Tuesday, October 29, 2013

Prairie Merlin: overlooked in Central America?

Sunday morning, I photographed this female or immature Prairie Merlin (Falco columbarius richardsonii) behind our house, on a dirt road that leads to the top of Cerro de Hula. In this plumage they are similar to Taiga Merlins (ssp columbarius), the expected ssp in Central America, but subtly differ in the following aspects: paler overall; rufousy thin breast streaks on a white breast; malar stripe nearly absent; paler mantle. The overcast weather made for a very dark photo. In the field, the bird looked pale.

Two years ago, there was an adult male on the campus of Zamorano University, about 27 km from Cerro de Hula. The weather was about the same that day, i.e. overcast and drizzly, but adult males are a little easier to identify. See this blog entry for a detailed description and photos of that observation, and for a discussion of the regional occurrence of the various Merlin subspecies.

There’s one other record on eBird for the region, from Belize two years ago. That bird was photographed only after it had flown further away from the observers. Although the photo apparently was too distant to be conclusive, the description is convincing. Interestingly, that observation was 5 days apart from ours in Zamorano. The Zamorano bird was not seen again that winter, despite regular coverage. I wonder if our Cerro de Hula bird will stick around.

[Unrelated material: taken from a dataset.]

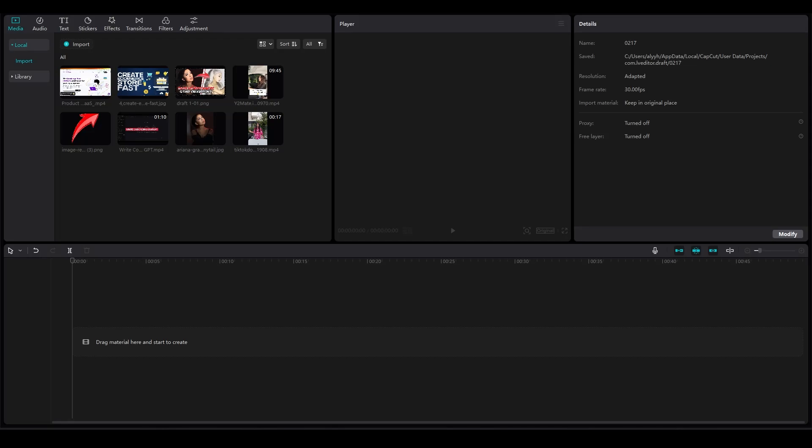Vibration Flash Tutorial on CapCut PC. Hi everybody, in this video I'm going to be telling you how you guys can do the Vibration Flash Tutorial on CapCut PC.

Prairie Merlins are thought to winter no further south than northwest Mexico, but these reports indicate that small numbers may winter further south than previously thought.

1 comment:

Tom Jenner said...

Part of the problem is that it is so rare to get a good enough view to tell the difference. During my nine years in El Salvador I saw very few Merlins (maybe about 5 in total) and all of them were fly-bys. You did well to get that photo.